Monday, November 14, 2016

I scraped all the 2016 U.S. election data

I'm a weird guy. I enjoy building webscrapers; I find it relaxing. I have no real plans to use the 2016 U.S. election data, no particular horses to grind (I'm not to thrilled at the outcome, but hey), but I've been  hanging around /r/datasets on Reddit, and lots of people were asking for the data, and wondering if someone was going to scrape it. So, I did.

All of the data is in this Github repo. Obviously, I did not put a license of any sort on it, so feel free to use it. If you end up doing any interesting analyses with it (even boring ones, I'm not picky) I'd love to hear about it!

If I understand correctly, official verified (as opposed to reported) results will start to be released by the states in 2-4 weeks, but it seemed a shame the data was not, as far as I could tell, easily available right now.

(Of course, given my experience as to how the universe works, probably there will be a better data dump of all this info somewhere soon, or someone will point out it already exists somewhere my Google Fu wasn't strong enough to find, making my 10-12 hours of effort redundant. But it wouldn't have happened if I hadn't forced fate's hand!)

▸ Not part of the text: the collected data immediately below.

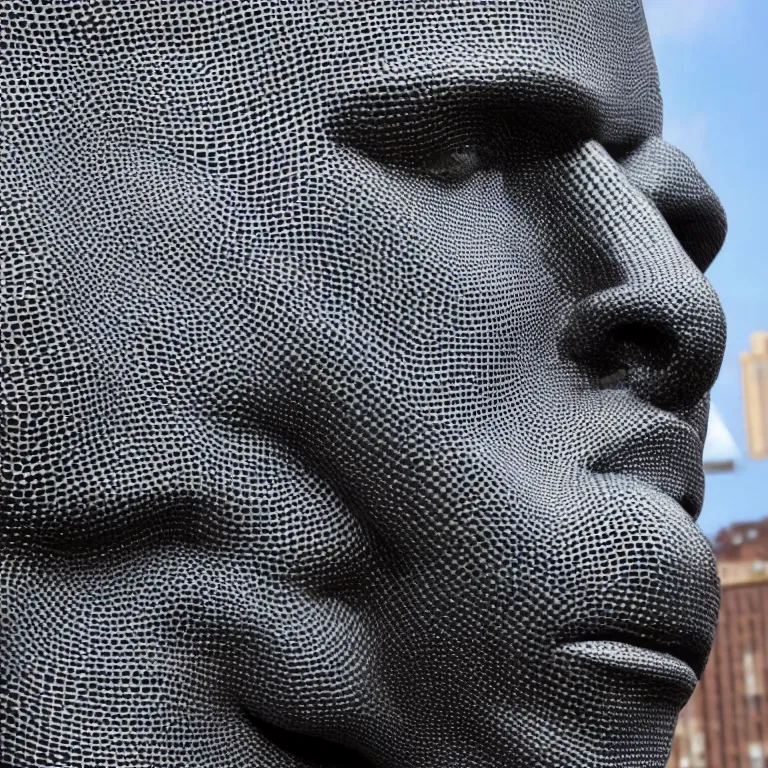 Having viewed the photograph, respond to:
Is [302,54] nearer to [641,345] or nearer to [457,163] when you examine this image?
[457,163]

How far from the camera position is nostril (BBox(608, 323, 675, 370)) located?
64 cm

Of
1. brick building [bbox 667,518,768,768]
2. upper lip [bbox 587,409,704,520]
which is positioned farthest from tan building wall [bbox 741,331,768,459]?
upper lip [bbox 587,409,704,520]

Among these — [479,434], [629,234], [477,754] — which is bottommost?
[477,754]

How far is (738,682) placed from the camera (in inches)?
73.4

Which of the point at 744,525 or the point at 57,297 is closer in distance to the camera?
the point at 57,297

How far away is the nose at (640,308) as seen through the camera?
2.08 feet

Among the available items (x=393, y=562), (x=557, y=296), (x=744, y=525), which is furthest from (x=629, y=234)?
(x=744, y=525)

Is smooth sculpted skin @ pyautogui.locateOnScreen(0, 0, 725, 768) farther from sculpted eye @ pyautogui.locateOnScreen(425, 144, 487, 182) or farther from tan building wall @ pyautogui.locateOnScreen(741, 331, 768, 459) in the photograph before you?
tan building wall @ pyautogui.locateOnScreen(741, 331, 768, 459)

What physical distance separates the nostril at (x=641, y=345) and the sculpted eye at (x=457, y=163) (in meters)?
0.12

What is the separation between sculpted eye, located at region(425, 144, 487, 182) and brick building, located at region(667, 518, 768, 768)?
51.5 inches

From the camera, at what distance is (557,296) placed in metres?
0.67

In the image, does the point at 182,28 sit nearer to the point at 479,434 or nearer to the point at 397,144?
the point at 397,144

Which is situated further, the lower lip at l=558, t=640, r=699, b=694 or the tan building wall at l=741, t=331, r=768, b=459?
the tan building wall at l=741, t=331, r=768, b=459

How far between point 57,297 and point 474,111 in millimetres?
234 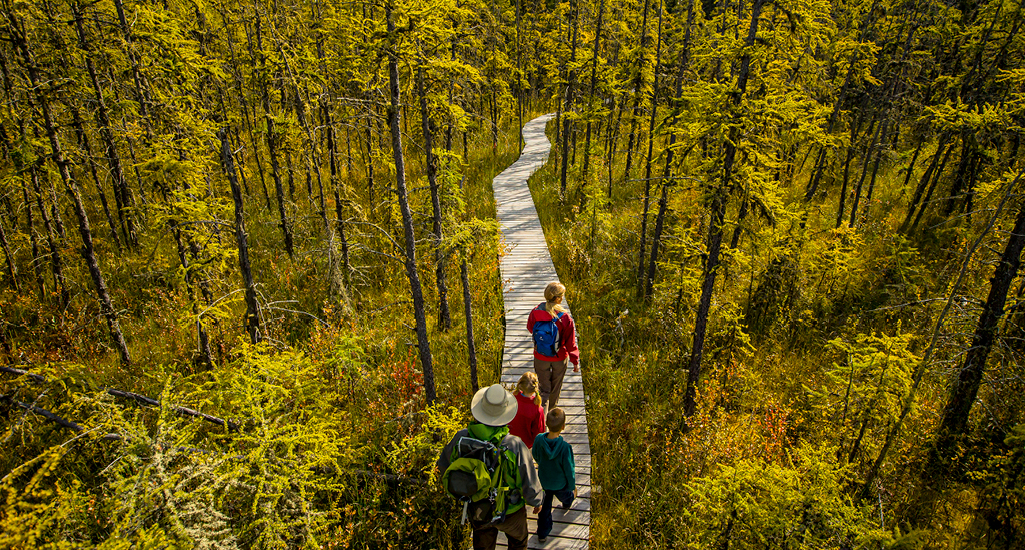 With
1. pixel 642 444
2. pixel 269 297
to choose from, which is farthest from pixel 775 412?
pixel 269 297

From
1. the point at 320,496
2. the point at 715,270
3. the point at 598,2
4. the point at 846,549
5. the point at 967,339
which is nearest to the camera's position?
the point at 846,549

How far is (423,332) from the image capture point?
6.71 m

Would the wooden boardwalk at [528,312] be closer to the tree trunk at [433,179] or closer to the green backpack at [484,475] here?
the green backpack at [484,475]

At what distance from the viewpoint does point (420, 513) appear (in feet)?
19.5

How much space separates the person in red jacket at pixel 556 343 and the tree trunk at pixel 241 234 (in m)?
4.51

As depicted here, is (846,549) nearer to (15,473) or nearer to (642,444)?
(642,444)

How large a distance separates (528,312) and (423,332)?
3945 millimetres

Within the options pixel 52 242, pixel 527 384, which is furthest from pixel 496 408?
pixel 52 242

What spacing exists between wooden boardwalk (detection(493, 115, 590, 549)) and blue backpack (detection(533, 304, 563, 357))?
158 cm

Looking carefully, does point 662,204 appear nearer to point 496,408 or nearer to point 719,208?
point 719,208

Is scraping legal? Yes. Is it ethical? Pretty much. Feel free to disagree; my position is that this is all public data, not in any copyright, presented publicly, and I scraped it by automating an actual web browser, so I did not use up any more of the websites' resources than a regular visitor. If I have breached any terms of service, I'll just have to live with the consequences, of which there are likely to be none. Here's a good Quora post about the subject.